Por otra parte, las dificultades de inclusión de los jóvenes en puestos de trabajo que les proporcionen salarios de calidad no sólo están anquilosando la economía, que depende inexorablemente del nivel de acceso a los mercados por parte de la ciudadanía, sino que compromete futuras readaptaciones de la producción. Si no son los jóvenes quienes reciclen sus habilidades, amplíen su formación y sean recompensados con una masa salarial que les permita contribuir al bien común, ¿quiénes lo harán? La propuesta de retrasar la edad de jubilación suma, además, riesgos innecesarios en la salud de personas que en multitud de ocasiones llevan trabajando desde la adolescencia, pues proceden de una época en la que el acceso al mundo laboral era bastante más temprano que en la actualidad y en la que, además, los medios para seguir estudiando, en la mayoría de situaciones, eran particularmente escasos. Aparte de la discusión ética sobre tales medidas, es lógico imaginar que, si el futuro ha de pertenecer a las siguientes generaciones, son éstas quienes deben tomar su timón en todos los aspectos de la sociedad cuando llega su momento.

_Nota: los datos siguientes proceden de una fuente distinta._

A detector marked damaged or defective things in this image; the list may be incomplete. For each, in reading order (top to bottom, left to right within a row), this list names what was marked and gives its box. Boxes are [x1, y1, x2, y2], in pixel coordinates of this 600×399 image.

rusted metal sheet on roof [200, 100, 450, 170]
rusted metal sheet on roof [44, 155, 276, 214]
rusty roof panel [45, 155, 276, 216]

Del ‘animal laborans’ al ‘homo faber’

¿Seguiremos siendo animales trabajadores o evolucionará la concepción del trabajo hacia formas que nos permitan disfrutar del simple hecho de vivir?

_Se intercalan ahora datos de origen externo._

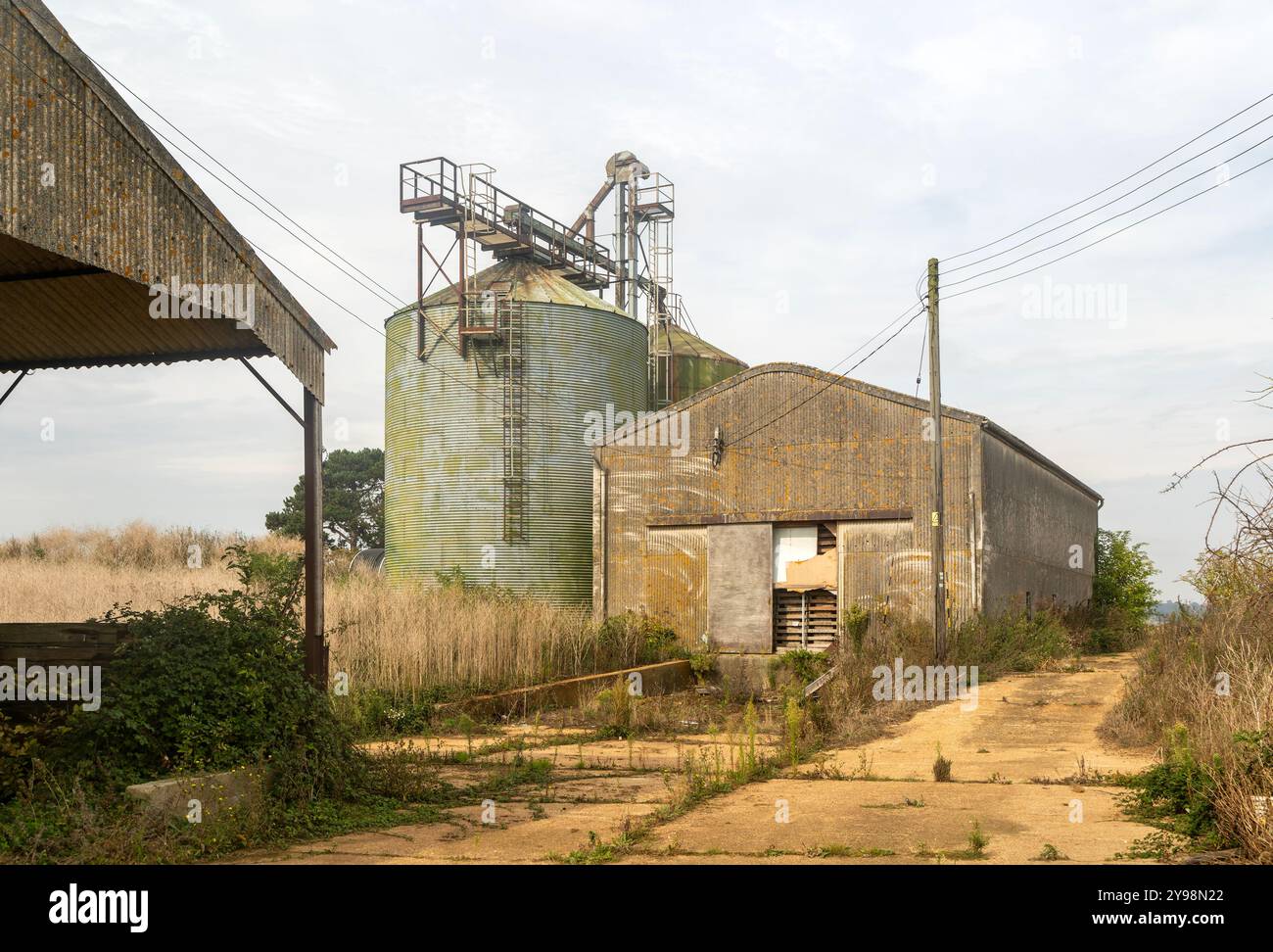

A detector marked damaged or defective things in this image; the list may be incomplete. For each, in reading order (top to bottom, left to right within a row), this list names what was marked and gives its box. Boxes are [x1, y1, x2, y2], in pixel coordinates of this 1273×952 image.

rusty steel column [303, 389, 328, 687]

La pregunta que subyace a este panorama de remodelación de las relaciones laborales es qué rol jugaremos en ellas y en la sociedad que definan. ¿Seguiremos siendo animales trabajadores, condenados a unas actividades que nos desvían de la contemplación y del ocio, como sugiere Aristóteles en Metafísica, o evolucionará la concepción del trabajo hacia formas que nos permitan mayor tiempo para cuidar –y ser cuidados– y disfrutar del simple hecho de vivir?

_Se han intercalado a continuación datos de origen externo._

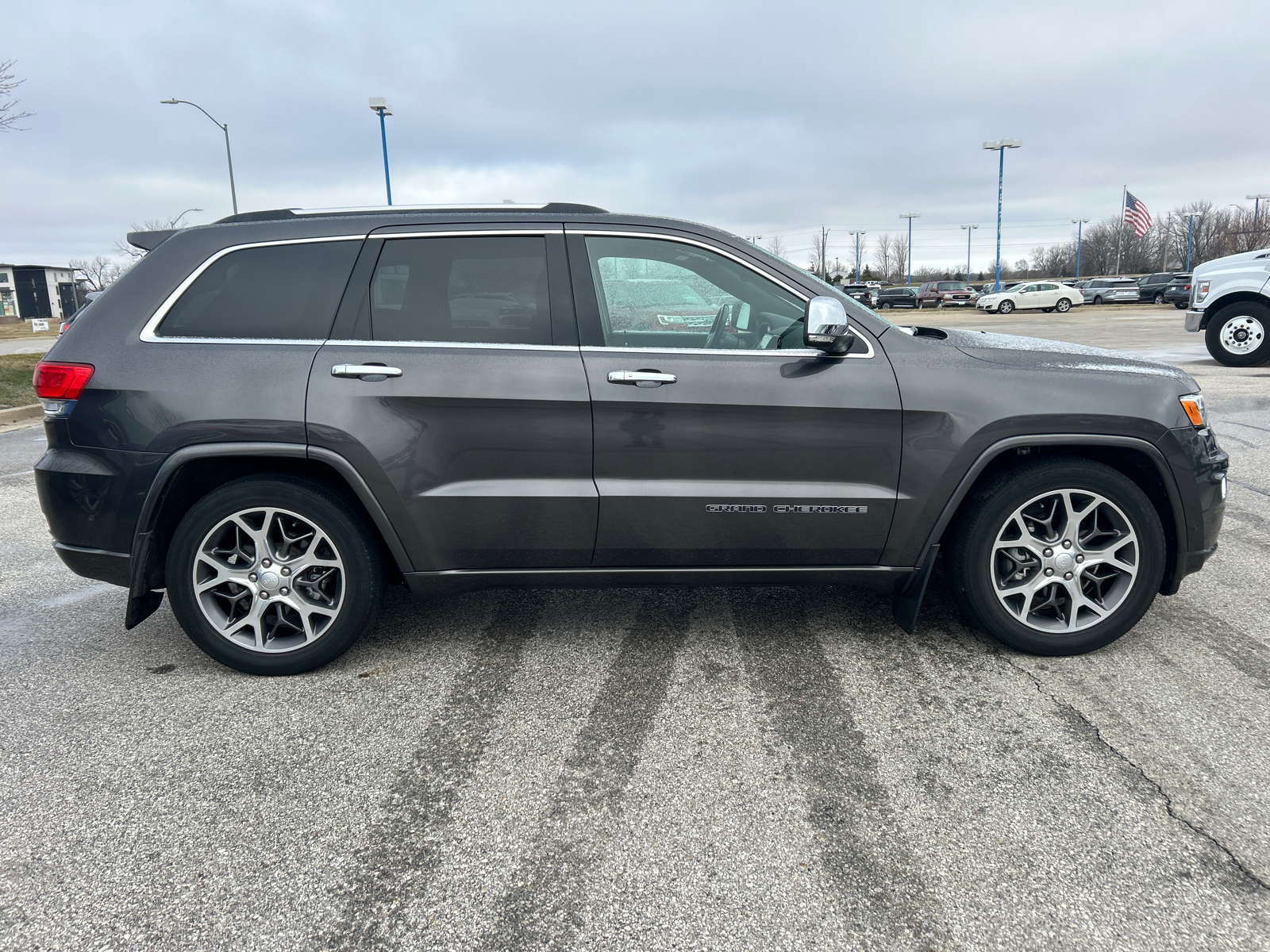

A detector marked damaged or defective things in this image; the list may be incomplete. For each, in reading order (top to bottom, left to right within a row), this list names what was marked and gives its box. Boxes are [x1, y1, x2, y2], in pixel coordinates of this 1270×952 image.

Si bien las expectativas generadas en un cambio de modelo productivo y económico –así como en la robotización– alientan la esperanza en una nueva forma de redistribución de la riqueza, lo cierto es que la intervención humana en la fuerza de trabajo sigue siendo indispensable, y previsiblemente lo seguirá siendo. Sólo mediante los frutos de un diálogo ilustrado entre intelectuales, científicos, políticos, empresarios y trabajadores se podrá trazar un mundo del mañana donde, además de trabajar, dispongamos del tiempo y de la suficiente serenidad mental para ocuparnos de los asuntos de la polis, que ahora ya no es sólo ciudad y territorio: también es conciencia, fraternidad y humanidad.